I've had a terrible time trying to get the right search terms for this regex question. I need to ensure that quotes are already escaped in a string, otherwise the match should fail. (Most search results for this kind of question are just pages saying you need to escape quotes or how to escape quotes.)

Valid:

This is valid
This \"is Valid
This is al\"so Valid\"

Invalid:

This i"s invalid
This i"s inv"alid

The only thing I've managed to find so far is

((?:\\"|[^"])*)

This seems to match the first part of the following, but nothing after the escaped quote

This is a \"test

Again, this should fail:

This is a \"test of " the emergency broadcast system

Thanks for any help, I hope this is even possible.

Answer 1

In C#, this appears to work as you want:

string pattern = "^([^\"\\\\]*(\\\\.)?)*$";

Stripping out the escaping leaves you with:

^([^"\\]*(\\.)?)*$

which roughly translates into: start-of-string, (multi-chars-excluding-quote-or-backslash, optional-backslash-anychar)-repeated, end-of-string

It's the start-of-string and end-of-string markers which forces the match over the complete text.

Answer 2

Don't know the language you use, but I would have done it in this way:

make a regexp, that matches a quote without a backslash, which will fail on

This is a \"test

and succeeded on

This is a \"test of " the emergency broadcast system

for example this one:

.*(?<!\\)".*

and then will use negative expression with the result. hope this will help you

my test in java looks like

    String pat = ".*(?<!\\\\)\".*";
    String s = "This is a \\\"test";
    System.out.println(!s.matches(pat));
    s = "This is a \\\"test of \" the emergency broadcast system";
    System.out.println(!s.matches(pat));

Answer 3

You want to use a negative lookbehind.

(?<!\\)"

This regex will match all quotes that are not preceded by a single slash.

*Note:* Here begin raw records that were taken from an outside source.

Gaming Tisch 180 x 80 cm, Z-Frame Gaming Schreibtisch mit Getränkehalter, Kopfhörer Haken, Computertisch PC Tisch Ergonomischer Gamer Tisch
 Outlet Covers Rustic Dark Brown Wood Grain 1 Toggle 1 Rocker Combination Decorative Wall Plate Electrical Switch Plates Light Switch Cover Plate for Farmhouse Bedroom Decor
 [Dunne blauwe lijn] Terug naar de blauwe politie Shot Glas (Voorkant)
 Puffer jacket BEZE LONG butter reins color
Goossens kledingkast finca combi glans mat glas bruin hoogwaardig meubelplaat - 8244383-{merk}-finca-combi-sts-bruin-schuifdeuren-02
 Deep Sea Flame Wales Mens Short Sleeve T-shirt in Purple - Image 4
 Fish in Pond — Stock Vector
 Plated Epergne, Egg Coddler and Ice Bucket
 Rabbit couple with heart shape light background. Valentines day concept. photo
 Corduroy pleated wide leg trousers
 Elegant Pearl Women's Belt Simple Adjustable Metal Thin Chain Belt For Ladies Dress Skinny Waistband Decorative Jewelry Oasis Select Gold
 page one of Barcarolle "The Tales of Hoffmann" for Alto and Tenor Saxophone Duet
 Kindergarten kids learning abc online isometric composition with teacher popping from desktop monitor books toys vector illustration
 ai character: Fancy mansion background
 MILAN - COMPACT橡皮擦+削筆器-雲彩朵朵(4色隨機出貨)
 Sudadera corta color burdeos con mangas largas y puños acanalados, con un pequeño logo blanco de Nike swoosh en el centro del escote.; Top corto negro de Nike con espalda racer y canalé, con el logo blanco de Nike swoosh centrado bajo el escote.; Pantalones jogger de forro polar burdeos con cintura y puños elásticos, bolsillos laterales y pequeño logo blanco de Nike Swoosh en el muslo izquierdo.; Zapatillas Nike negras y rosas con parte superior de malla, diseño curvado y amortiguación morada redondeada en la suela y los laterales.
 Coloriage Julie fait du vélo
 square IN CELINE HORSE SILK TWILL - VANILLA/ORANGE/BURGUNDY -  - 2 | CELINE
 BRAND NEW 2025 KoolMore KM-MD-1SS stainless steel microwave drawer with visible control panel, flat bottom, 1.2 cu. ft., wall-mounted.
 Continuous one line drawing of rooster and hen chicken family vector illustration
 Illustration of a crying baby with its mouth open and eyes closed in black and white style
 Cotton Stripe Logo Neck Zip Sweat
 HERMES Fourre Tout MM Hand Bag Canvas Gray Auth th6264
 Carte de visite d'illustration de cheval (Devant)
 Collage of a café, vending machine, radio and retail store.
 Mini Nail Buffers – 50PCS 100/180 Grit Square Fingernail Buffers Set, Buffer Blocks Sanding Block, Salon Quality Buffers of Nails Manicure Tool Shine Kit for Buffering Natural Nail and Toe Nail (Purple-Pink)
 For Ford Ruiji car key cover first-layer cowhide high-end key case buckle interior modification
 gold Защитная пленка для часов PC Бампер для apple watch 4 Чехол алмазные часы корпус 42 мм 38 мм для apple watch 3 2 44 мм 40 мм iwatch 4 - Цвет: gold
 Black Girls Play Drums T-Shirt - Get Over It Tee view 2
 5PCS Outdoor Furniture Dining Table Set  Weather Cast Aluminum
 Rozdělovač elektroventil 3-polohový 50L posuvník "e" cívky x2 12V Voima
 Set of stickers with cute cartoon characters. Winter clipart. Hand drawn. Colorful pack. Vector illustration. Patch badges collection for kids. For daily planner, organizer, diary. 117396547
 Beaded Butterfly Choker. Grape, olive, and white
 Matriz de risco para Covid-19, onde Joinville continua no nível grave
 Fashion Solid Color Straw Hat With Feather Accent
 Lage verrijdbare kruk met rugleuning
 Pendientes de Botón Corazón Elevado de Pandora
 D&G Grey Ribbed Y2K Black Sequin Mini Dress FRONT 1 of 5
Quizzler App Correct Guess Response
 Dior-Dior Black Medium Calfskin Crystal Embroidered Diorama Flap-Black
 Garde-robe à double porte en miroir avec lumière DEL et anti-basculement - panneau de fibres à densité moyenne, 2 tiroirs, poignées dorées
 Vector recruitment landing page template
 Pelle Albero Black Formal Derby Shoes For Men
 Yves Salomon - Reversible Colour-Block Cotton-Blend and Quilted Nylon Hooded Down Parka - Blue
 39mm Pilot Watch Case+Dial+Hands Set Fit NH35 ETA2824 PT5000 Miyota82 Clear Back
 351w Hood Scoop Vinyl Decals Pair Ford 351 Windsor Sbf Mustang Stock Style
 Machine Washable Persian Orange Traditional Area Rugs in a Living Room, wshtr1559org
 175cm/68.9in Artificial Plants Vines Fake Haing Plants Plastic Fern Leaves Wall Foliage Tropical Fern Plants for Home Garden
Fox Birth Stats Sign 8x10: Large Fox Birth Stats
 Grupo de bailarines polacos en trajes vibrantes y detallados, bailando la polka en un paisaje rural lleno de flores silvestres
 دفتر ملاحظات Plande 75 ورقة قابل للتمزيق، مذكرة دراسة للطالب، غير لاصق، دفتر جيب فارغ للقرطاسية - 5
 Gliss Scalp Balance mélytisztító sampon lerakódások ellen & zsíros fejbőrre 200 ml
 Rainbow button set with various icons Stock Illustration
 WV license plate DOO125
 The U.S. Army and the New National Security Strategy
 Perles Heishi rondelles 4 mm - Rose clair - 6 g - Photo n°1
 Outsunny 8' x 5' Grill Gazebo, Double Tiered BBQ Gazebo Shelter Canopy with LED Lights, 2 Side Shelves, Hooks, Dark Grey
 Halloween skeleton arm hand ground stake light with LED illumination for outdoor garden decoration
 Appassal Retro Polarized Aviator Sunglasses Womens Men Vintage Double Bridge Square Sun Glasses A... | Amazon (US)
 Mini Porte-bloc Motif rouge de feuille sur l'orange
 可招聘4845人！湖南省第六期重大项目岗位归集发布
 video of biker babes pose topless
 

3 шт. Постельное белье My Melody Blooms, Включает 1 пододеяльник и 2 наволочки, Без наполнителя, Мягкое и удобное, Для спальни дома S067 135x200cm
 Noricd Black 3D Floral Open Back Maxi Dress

If you run this regex against your sample string and it finds 1 or more matches, then the string is not valid.

Answer 4

You need to take everything except a backslash and a quote, or a backslash and the next character.

([^\\"]|\\.)*

This way, this will fail:

ab\\"c

This will succeed:

ab\\\"c

This will succeed:

ab\"c

Answer 5

RegEx you're looking for is:

/^(?:[^"]*(?:(?<=\\\)"|))*$/

Explanation: [^"]* will match input until first " is found or end of input is reached. If " is found then make sure in (?<=\\\)" lookbehind that is always preceded by /. Above scenario is recursively repeated until end of input is reached.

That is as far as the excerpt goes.